Under a statewide program called Charitable Choice, the local arm of the state Workforce Commission supports three religious organizations, including UCC, that help single mothers move off welfare and into jobs. It has given each program between $30,000 and $70,000 this year.
Bush launched Charitable Choice in 1997, in a bid to involve more religious organizations in the delivery of social services. As he has campaigned for the presidency, he has said he does not expect these groups to increase their work without government money. But, three years after welfare reform began in Texas, few religious groups have received state or federal welfare money to expand their services for the poor.

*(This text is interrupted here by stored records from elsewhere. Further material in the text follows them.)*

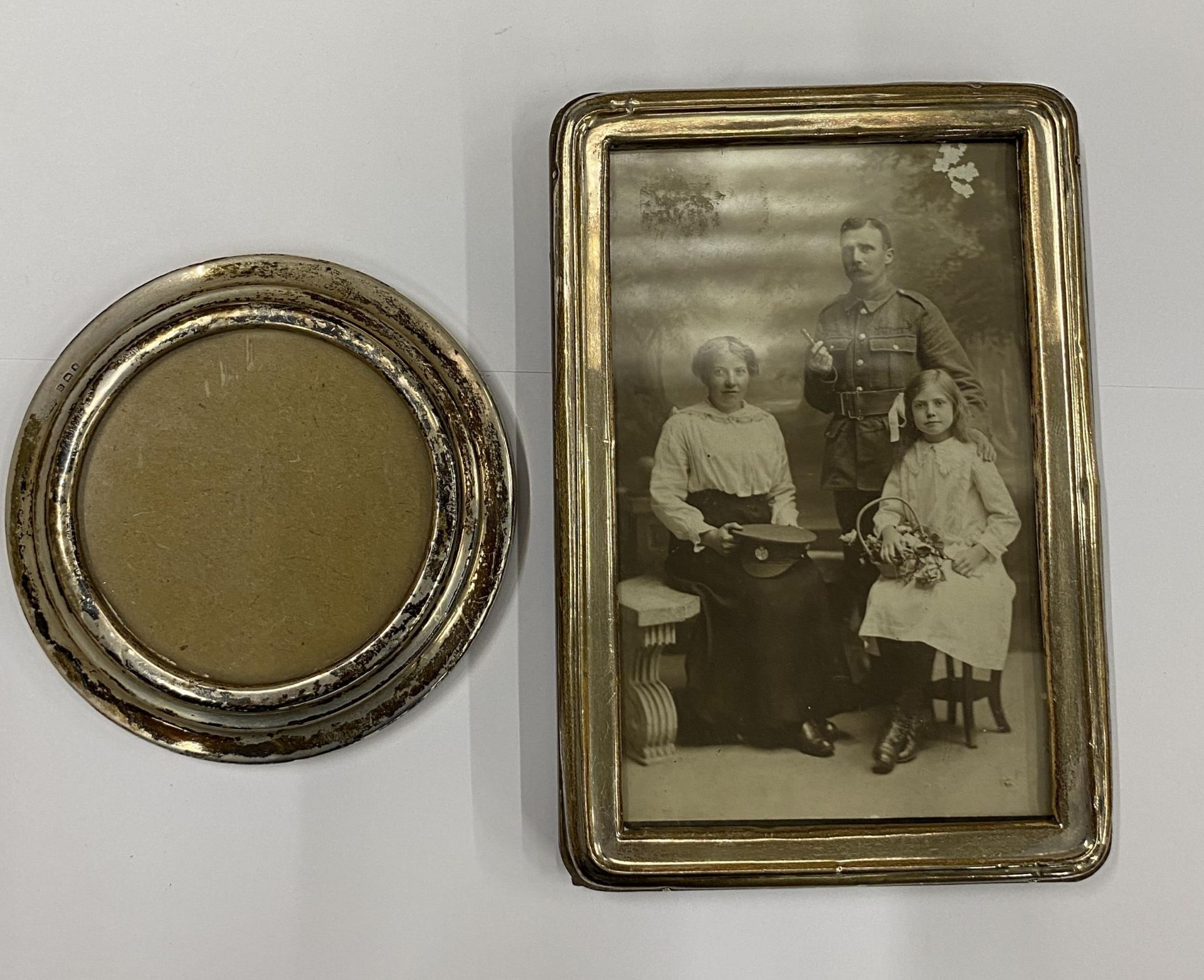 TWO HALLMARKED SILVER PHOTO FRAMES, LARGEST 15.5 X 10 CM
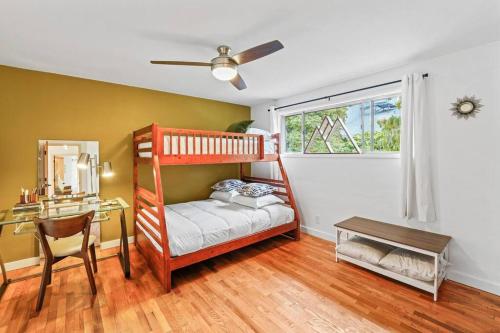 1 Schlafzimmer mit Etagenbetten, einem Schreibtisch und einem Fenster in der Unterkunft The Jasmine House in Eugene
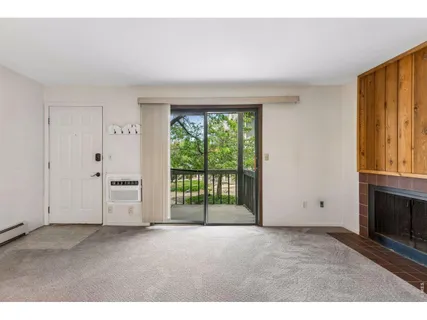 a view of empty room with floor to ceiling window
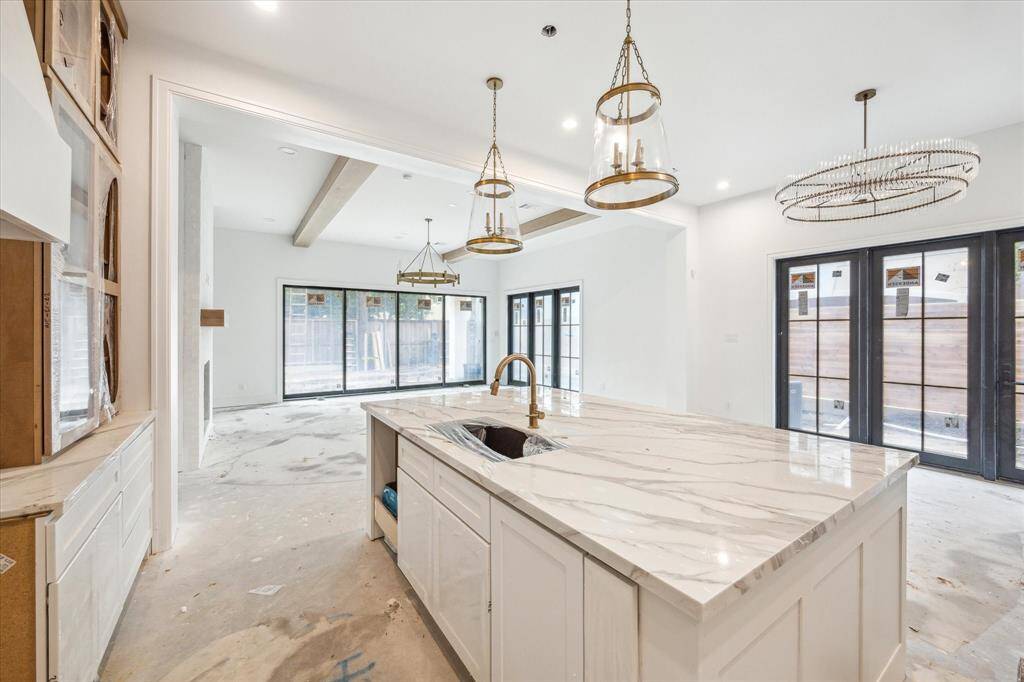 Kitchen features spacious island with Quartz countertops and breakfast bar overlooking dining space and living room.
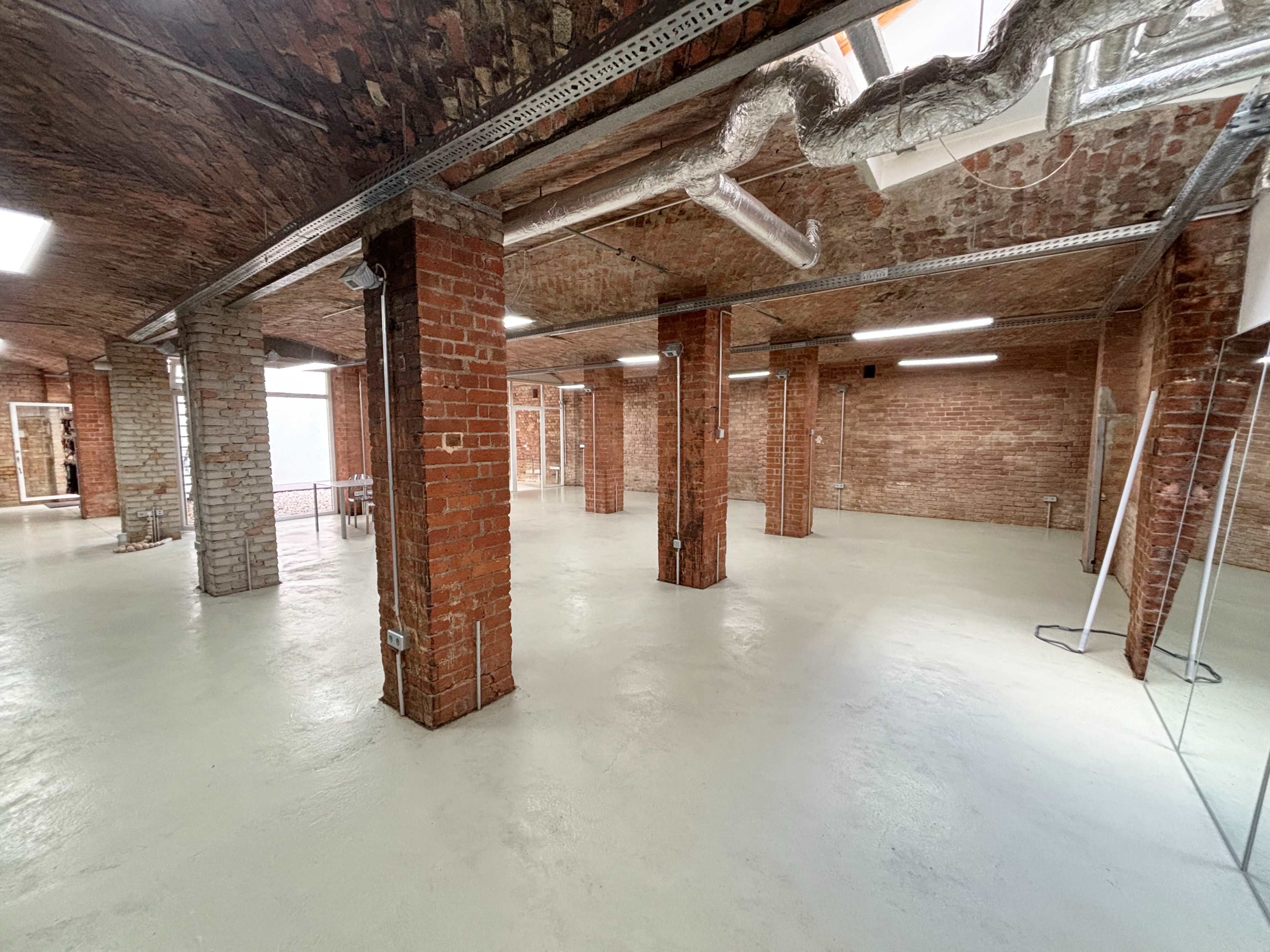 The image shows an empty industrial space with exposed brick walls, concrete floors, and several support columns.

Including Tarrant County, only three of the state's 26 local workforce boards have distributed money to local religious groups to provide job preparation and counseling for adults on welfare. In two regions of the state, workforce boards have yet to begin operating. Officials in Austin have given money to another 10 groups.
UCC President Floyd Davis is enthusiastic about his new partnership with the state. "We've got location, location, location. We have a history in the neighborhood and we have credibility. Let us be the place that has the resources and where people can meet," he said.
But Davis also says his organization is "maxed out." He says he is seeing too many women in need who, like Dierdre Wilson, the state cannot or will not help.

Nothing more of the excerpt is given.